# Auto Repossession Laws



## bigrd6489 (Jun 30, 2009)

i was wondering what the laws were on auto repossession from a repo agent's stand point. the dos and don't for the tow driver. i was looking for some real info i have a friend who thinks he knows every thing and i would like to prove him wrong.


----------



## TRPDiesel (Nov 28, 2008)

What is the question here? What information are you looking for?


----------



## Guest (Jun 30, 2009)

welcome Stephan Churchill


----------



## Guest (Jun 30, 2009)

Don't go on private property to repo a car, unless you have the permission of the property owner. 

Then, especially don't argue with the responding police officer about it, lest your tow truck gets towed itself after you get pinched for trespassing and disorderly.


----------



## Harley387 (May 1, 2002)

Hmmm. Is this the same "newbie" that was asking about protesting a cop's funeral?

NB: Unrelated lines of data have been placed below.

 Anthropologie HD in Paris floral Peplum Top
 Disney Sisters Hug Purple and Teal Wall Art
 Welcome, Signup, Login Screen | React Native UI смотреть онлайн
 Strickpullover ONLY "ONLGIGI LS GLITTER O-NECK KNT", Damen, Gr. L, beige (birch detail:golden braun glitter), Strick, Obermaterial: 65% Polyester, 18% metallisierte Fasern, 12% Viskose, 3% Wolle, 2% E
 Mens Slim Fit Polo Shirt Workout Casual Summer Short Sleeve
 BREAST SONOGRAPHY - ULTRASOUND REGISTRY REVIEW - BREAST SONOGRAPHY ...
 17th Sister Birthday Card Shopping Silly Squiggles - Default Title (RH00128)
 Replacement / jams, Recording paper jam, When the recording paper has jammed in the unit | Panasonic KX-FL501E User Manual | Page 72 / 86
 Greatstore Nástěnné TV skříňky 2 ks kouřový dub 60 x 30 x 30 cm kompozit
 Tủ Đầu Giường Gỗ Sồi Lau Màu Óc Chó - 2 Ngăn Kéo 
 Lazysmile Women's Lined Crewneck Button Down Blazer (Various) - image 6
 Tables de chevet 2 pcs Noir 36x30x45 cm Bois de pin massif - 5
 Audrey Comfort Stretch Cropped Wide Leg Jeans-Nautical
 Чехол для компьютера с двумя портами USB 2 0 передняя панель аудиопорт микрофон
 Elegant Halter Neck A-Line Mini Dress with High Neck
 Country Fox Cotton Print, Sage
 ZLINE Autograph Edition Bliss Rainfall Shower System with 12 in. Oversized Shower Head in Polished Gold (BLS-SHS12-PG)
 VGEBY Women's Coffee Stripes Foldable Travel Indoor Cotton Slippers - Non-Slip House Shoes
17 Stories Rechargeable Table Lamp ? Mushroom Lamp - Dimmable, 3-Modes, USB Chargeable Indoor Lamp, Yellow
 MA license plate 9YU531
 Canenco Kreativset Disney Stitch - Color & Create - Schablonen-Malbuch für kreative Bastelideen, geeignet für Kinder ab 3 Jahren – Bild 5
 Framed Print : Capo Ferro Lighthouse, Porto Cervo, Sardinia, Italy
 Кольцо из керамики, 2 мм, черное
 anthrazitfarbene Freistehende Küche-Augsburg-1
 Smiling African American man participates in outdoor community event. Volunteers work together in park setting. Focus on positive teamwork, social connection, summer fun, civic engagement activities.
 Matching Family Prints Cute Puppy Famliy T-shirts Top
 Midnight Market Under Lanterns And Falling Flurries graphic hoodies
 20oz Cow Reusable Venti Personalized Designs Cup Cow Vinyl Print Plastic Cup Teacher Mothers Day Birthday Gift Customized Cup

Is this you? Genius.....absolutely genius.

Teens clipped on landscaping biz-break warrants 
By Bruno Matarazzo Jr. , Staff writer
Salem News

DANVERS - Two Peabody teenagers were arrested yesterday on warrants for multiple charges after police say they tried to break into a landscaping business on Pine Street on Monday night.

*Stephan Churchill, 18, of 12 Bowditch Ave*. and Daniel Gullotto, 18, of 8 Serena Terrace were arrested on charges of attempting to commit a crime (burglary), malicious destruction of property and possession of burglarious tools for allegedly trying to break into Apprentice Landscaping. Churchill had an additional charge of fireworks possession, and Gullotto had a charge of simple assault and battery.


----------